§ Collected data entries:
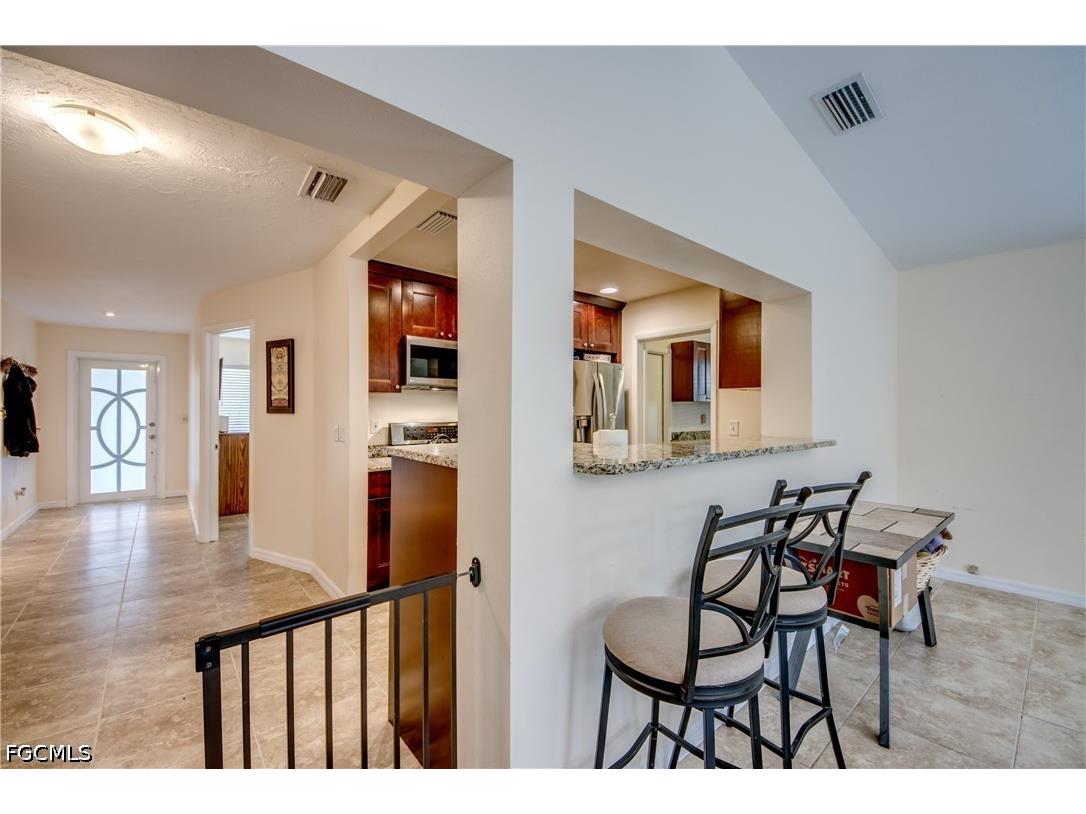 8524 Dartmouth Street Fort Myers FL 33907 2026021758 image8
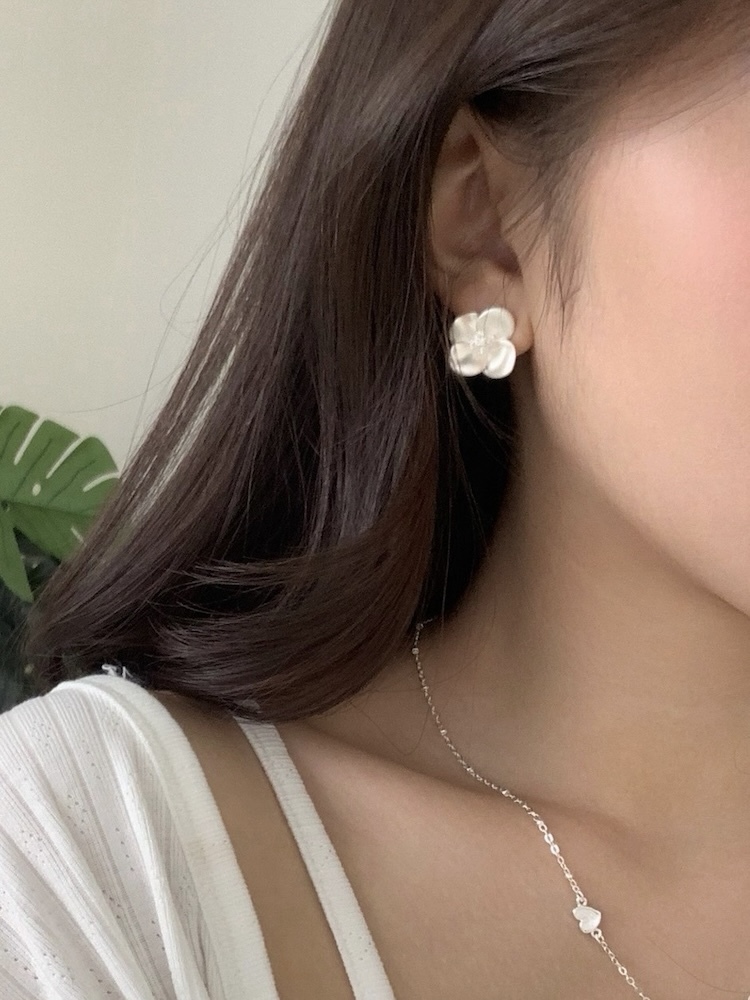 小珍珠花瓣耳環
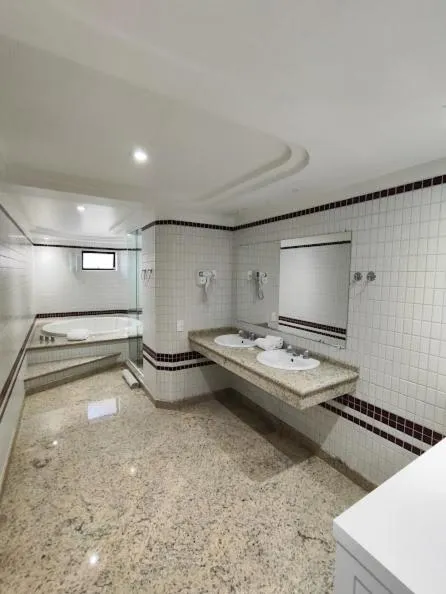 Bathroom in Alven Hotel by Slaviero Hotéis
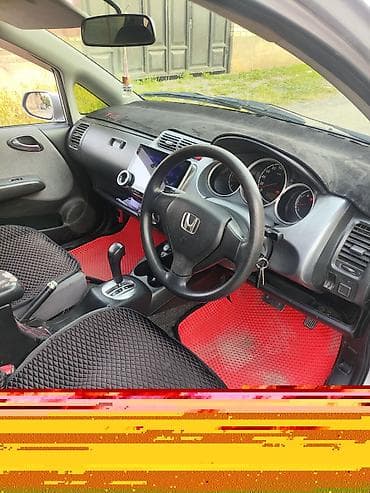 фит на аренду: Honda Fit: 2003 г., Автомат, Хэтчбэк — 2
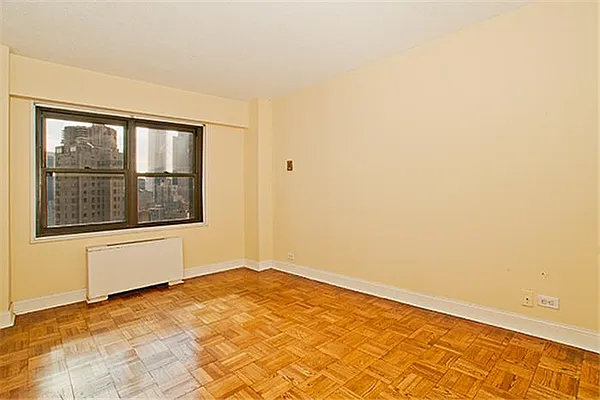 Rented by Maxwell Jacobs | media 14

§ What the task asks: The data is to be printed again exactly, but without its pictures.

§ Answer box:
 8524 Dartmouth Street Fort Myers FL 33907 2026021758 image8
 小珍珠花瓣耳環
 Bathroom in Alven Hotel by Slaviero Hotéis
 фит на аренду: Honda Fit: 2003 г., Автомат, Хэтчбэк — 2
 Rented by Maxwell Jacobs | media 14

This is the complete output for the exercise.